For some reason when im using the task scheduler and running a task manually to check it windows open the program association dialog box each time like it doesn't recognize the task files? 

If i select task runner nothing happens still.


----------



## Remes (Oct 12, 2010)

actually it does run the task but sitll its always ask for the association doalog each time. so i wonder if this prevents tasks form running when im not doing ti manually?


----------



## Remes (Oct 12, 2010)

Here is the issue again where some otehrs were having the same problem: Task Scheduler - How do you want to open this file

their solutions havent worked for me tho.


----------



## Go The Power (Mar 5, 2007)

Are you using the scheduler to run windows/application tasks or just for a reminder to do something? If it is just a reminder it would be easier to do this of thing with another application for example outlook


----------



## Remes (Oct 12, 2010)

Yes as a popup reminder for appointments.


----------



## joeten (Dec 4, 2008)

As GTP mentioned outlook would do it reminders


----------



## Go The Power (Mar 5, 2007)

Schedule Tasks is not really designed for the way you are using it. It's purpose is to executing tasks for windows or other applications


----------



## Remes (Oct 12, 2010)

Ok, cheers.


----------



## roodap (Mar 2, 2012)

there is remember me reminder free program in stores.
install t and explore.it may help your need.


----------



## Go The Power (Mar 5, 2007)

No worries


----------



## Remes (Oct 12, 2010)

ACtually I dont want to use outlook for this cos i dont use it for anyhting else so dont want to setup an account jsut for that. 

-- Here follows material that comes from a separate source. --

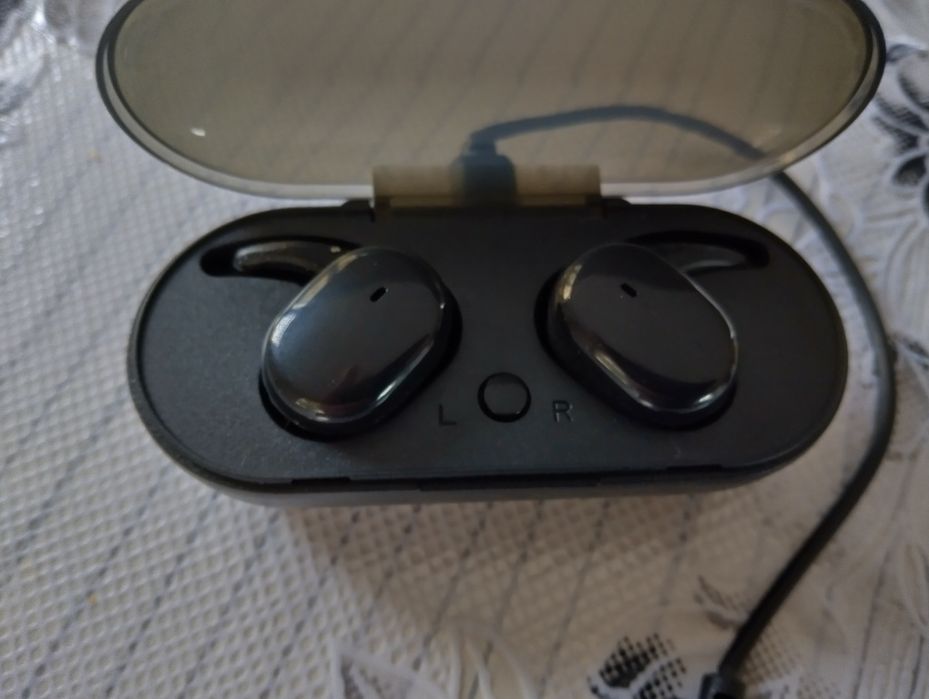 Блутут хендсфрее слушалки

ALso i dont want to setup an msn account for it either.

I also dont want a 3rd party program running all the time just for this. 

I just want task maanger working how it was (in xp)  or some workaround to do the same. 

Someone said that task amanger wasnt meant for this task but i had no issues with doing so on xp so i dont know why all this crap with 8.

Its still opening an open with dialog box all the time. I read some places that you should put the full path in either the start in or add arguments dialogs but that does nothing. 

Not sure what to try next?


----------



## Remes (Oct 12, 2010)

Interestingly I tried making a .bat file to open the file in notepad and that works when i run the bat file thru the task scheduler. Any idea why that works and notepad didnt?


----------



## Go The Power (Mar 5, 2007)

When you are creating this task are you choosing *Create a basic task* or *Create Task*?

Does you account have Admin rights?

Are you trying to make the message display a one of message or to open a batch or notepad file?


----------